Um die Besucher:innen des Museums nicht zu gefährden, fanden die Arbeiten in einer luftdichten Einhausung statt. Gleichzeitig wurden zum Schutz der Restaurator:innen die entstehenden Lösemitteldämpfe gefiltert und permanent aus der Einhausung abgesaugt. Zusätzlich arbeitete das Team mit Atemschutzmasken.

 


Es wurden fast 19 m² der Wandfläche vollständig freigelegt, mit Ausnahme des linken oberen Bildausschnitts, in dem sich ein Betonwasserschaden befindet. In diesem Bereich sind letzte Reste des Alkydharzes auf der Malschicht verblieben, da aufgrund des speziellen Schadensbildes ein Verlust der Originalsubstanz nicht vollständig auszuschließen war.

Im Verlauf der Freilegungsarbeiten zeigte sich auch, dass der gewählte Gemäldeausschnitt generell einen sehr guten Erhaltungszustand aufweist. Dies ist besonders erfreulich, weil das Treppenhausfoyer immer frei zugänglich und das Wandbild 23 Jahre lang vollkommen ungeschützt war.

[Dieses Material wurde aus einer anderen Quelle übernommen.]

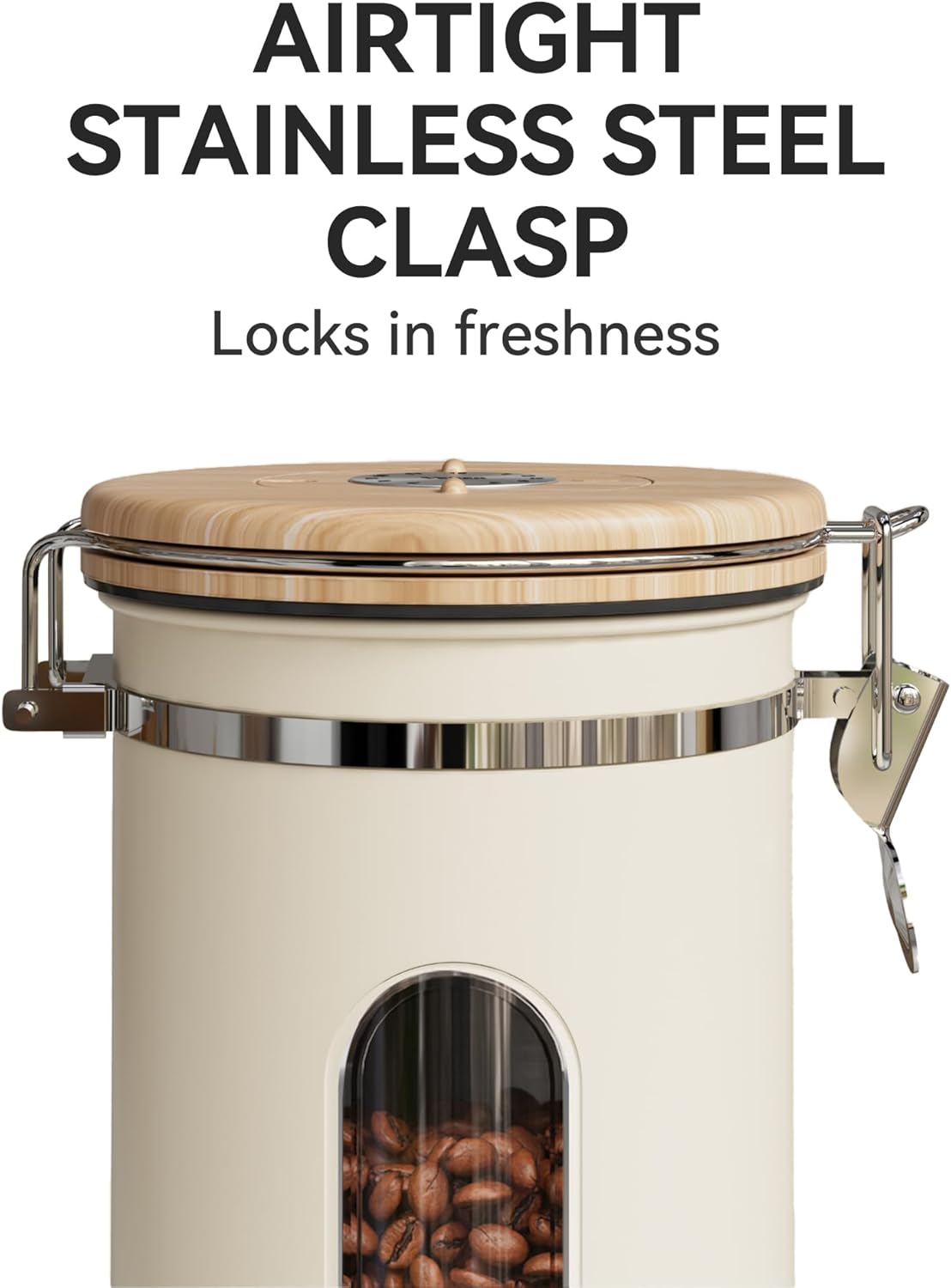 Veken French Press 34oz - Dark Pewter Coffee Maker with 22oz Cream Canister for Fresh Brews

Bis auf wenige historische Fehlstellen und partielle Risse im Bildträger ist der freigelegte Ausschnitt nahezu unbeschädigt. Aus diesem Grund fiel in der Endphase des Projektes die Entscheidung, keine Retuschen oder Eintönungen vorzunehmen, sondern den Besucher:innen einen für die Jahre 1956 bis 1979 authentischen Zustand des Wandbildes zu präsentieren.

Beauftragt und finanziert wurden die restauratorischen Arbeiten durch die Wüstenrot Stiftung.